> _TASK TO CARRY OUT_
For the entries that follow, retype exactly the lines from the one containing "Polemik di Balik" to the one containing "Apartment at Ninety Avenue | Forsa Property", inclusive, and only those. Images stay out of the copy.
┌─ DATASET RECORDS
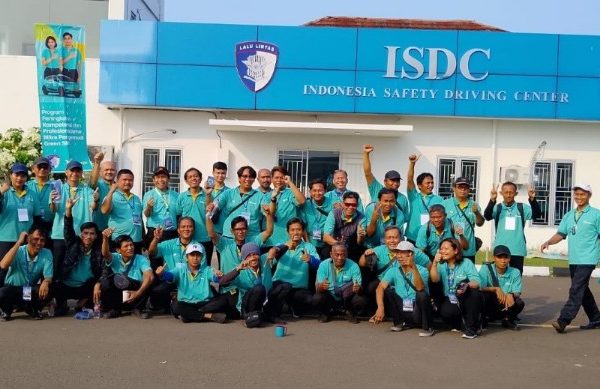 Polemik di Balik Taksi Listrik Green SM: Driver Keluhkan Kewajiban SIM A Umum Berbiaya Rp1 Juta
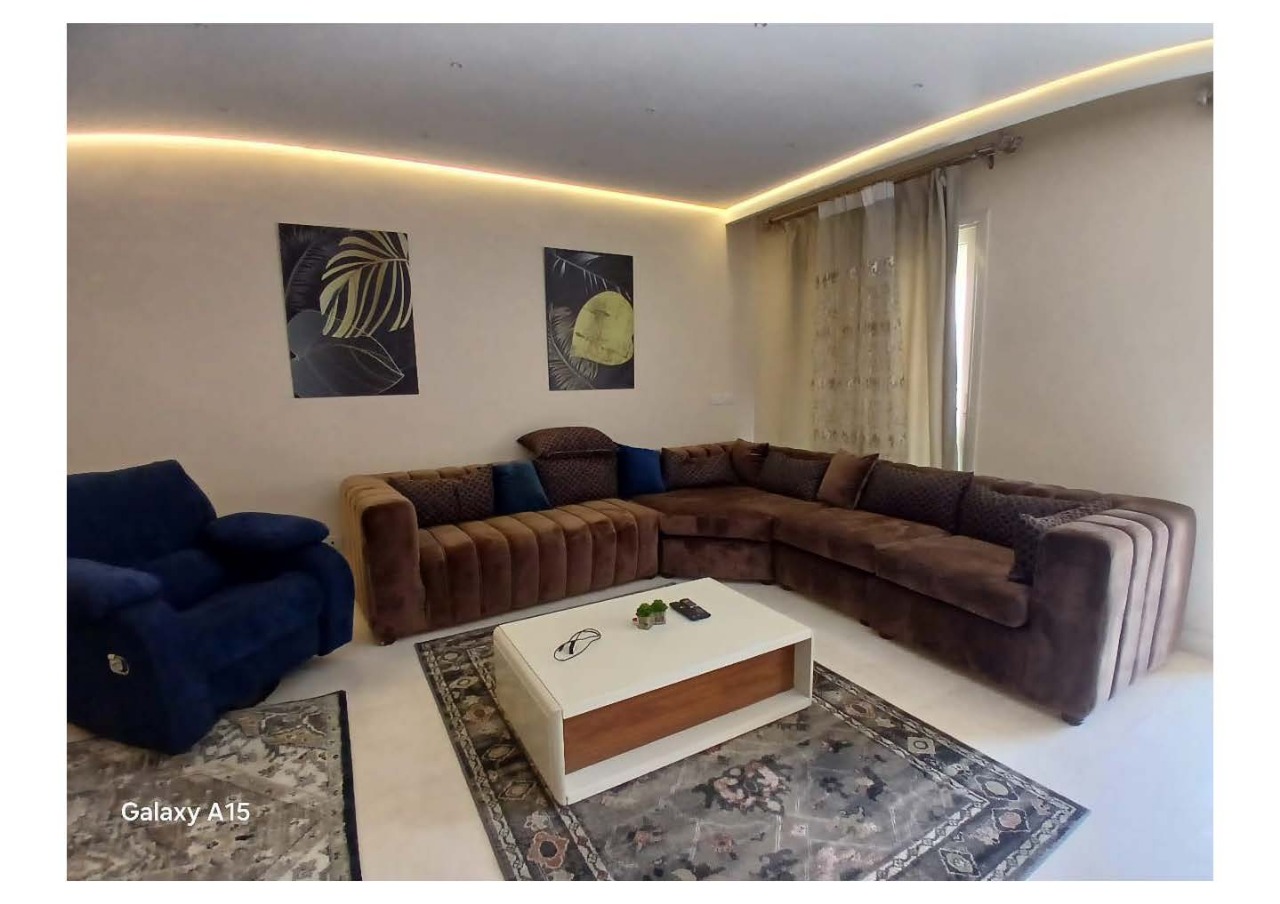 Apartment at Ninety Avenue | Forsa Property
└─
┌─ DATASET RECORDS
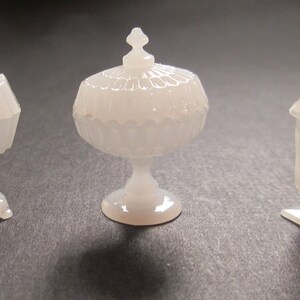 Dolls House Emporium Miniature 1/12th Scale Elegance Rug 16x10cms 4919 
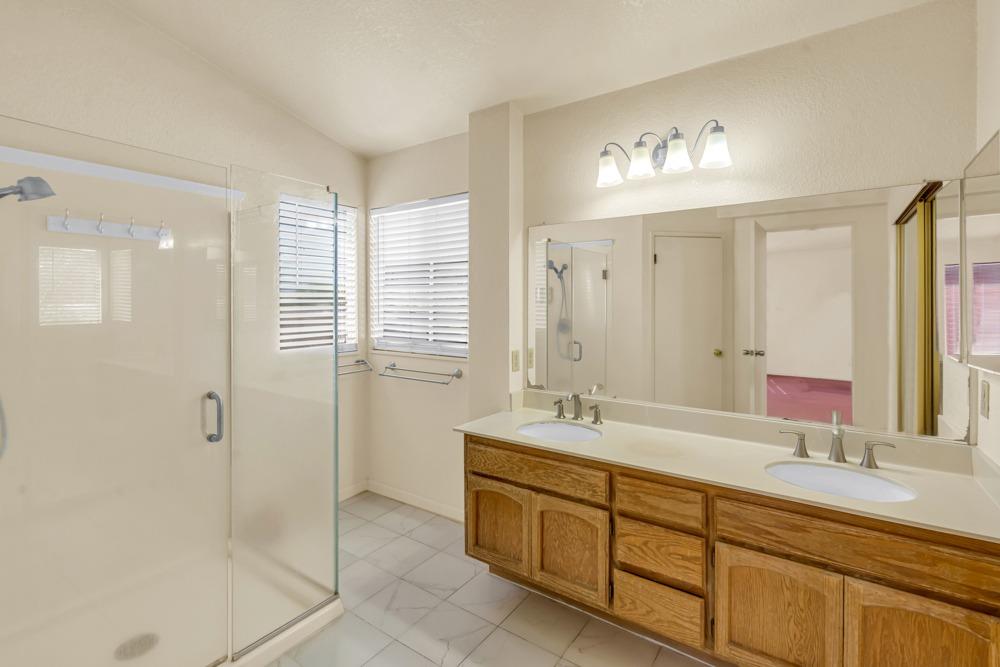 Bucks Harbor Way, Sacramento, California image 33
└─
┌─ DATASET RECORDS
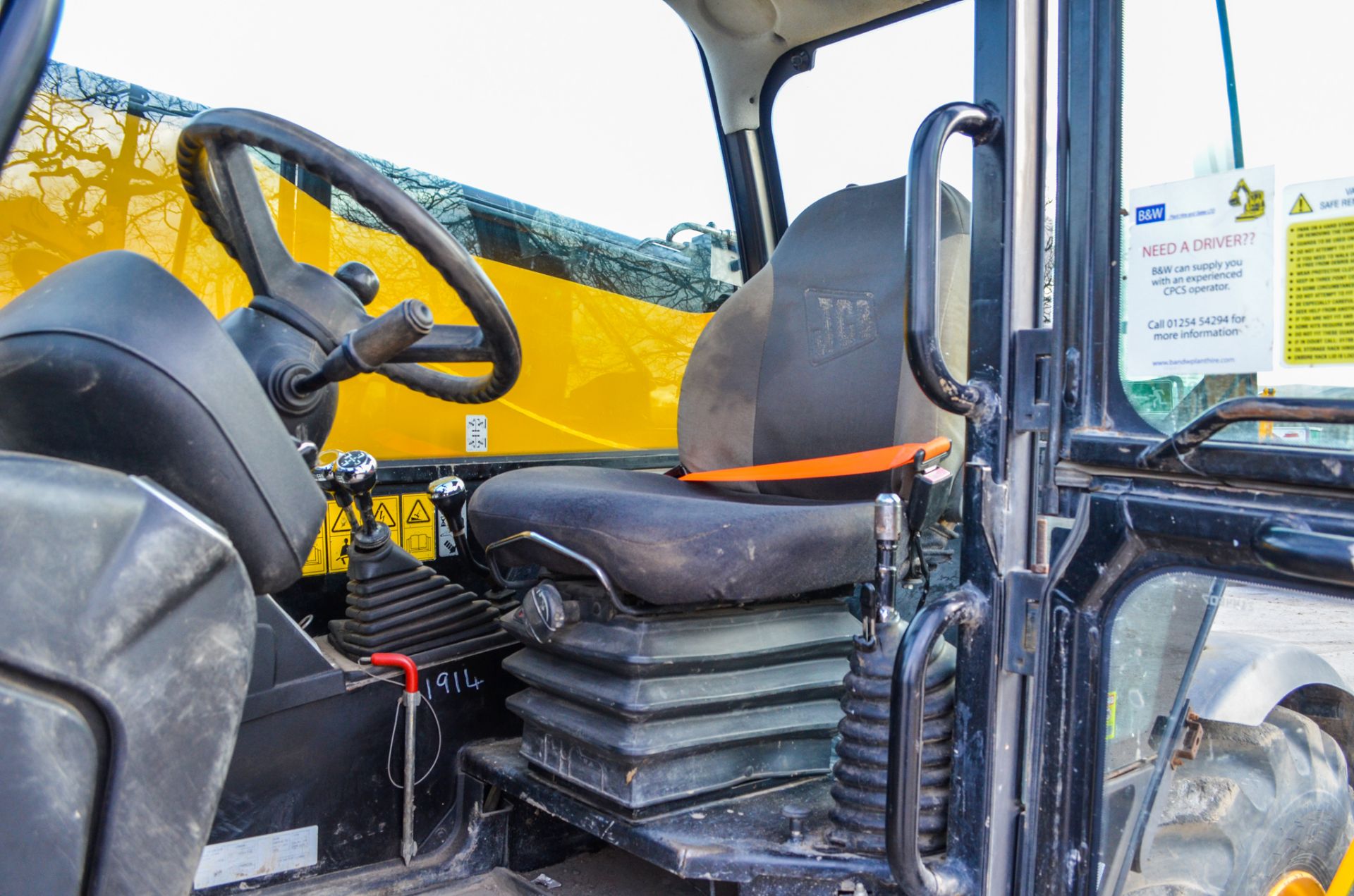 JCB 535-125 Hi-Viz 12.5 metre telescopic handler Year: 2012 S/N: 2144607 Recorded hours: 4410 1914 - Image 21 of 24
└─
> _RESPONSE FOR THIS EXERCISE_
 Polemik di Balik Taksi Listrik Green SM: Driver Keluhkan Kewajiban SIM A Umum Berbiaya Rp1 Juta
 Apartment at Ninety Avenue | Forsa Property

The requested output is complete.